▶ [Information]:
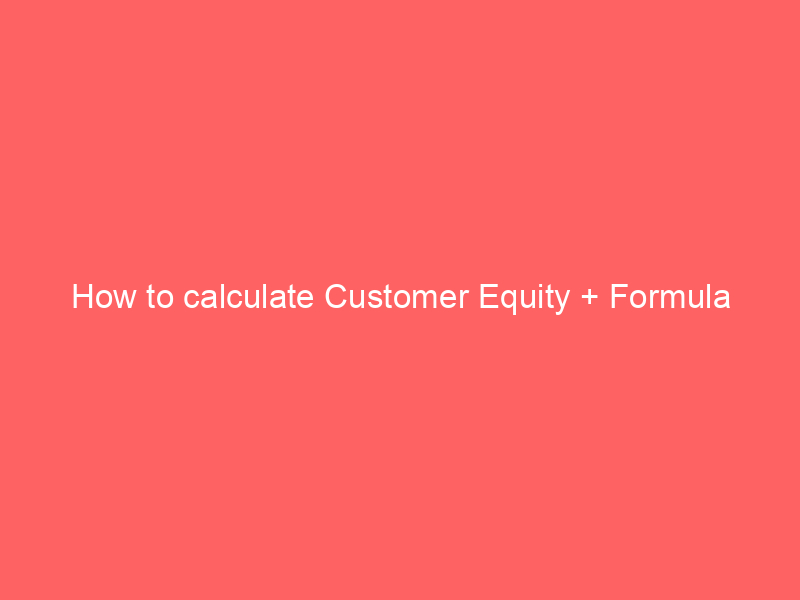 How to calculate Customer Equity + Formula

==

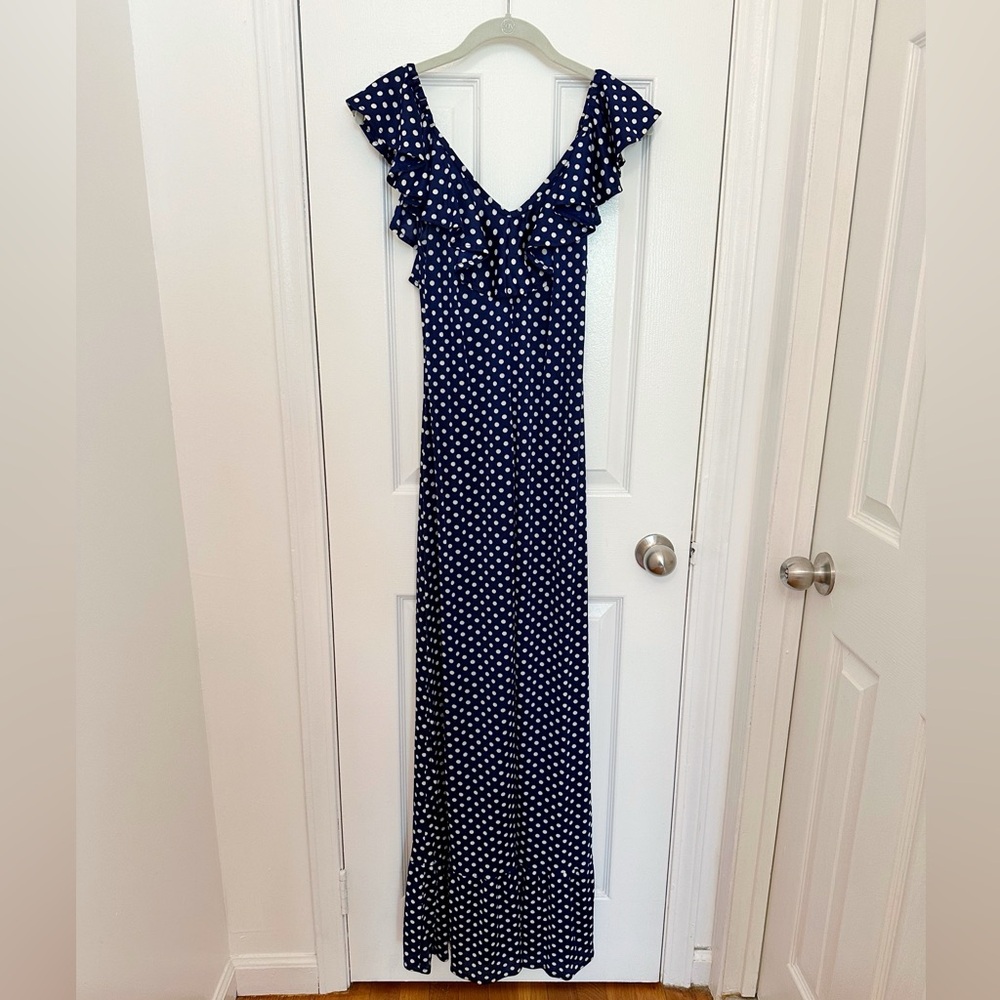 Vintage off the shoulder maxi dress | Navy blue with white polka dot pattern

* * *

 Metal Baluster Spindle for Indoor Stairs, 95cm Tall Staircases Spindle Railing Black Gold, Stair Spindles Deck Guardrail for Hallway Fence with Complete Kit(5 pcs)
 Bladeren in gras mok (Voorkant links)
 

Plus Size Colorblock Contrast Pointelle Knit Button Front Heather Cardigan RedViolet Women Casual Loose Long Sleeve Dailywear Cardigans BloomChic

▶ [What you will do]:
When the line with "Metal Baluster Spindle" is reached in the data above, begin copying, and stop after the line with "Plus Size Colorblock"; copy each line exactly, both ends included.

▶ [Solution below]:
 Metal Baluster Spindle for Indoor Stairs, 95cm Tall Staircases Spindle Railing Black Gold, Stair Spindles Deck Guardrail for Hallway Fence with Complete Kit(5 pcs)
 Bladeren in gras mok (Voorkant links)
 

Plus Size Colorblock Contrast Pointelle Knit Button Front Heather Cardigan RedViolet Women Casual Loose Long Sleeve Dailywear Cardigans BloomChic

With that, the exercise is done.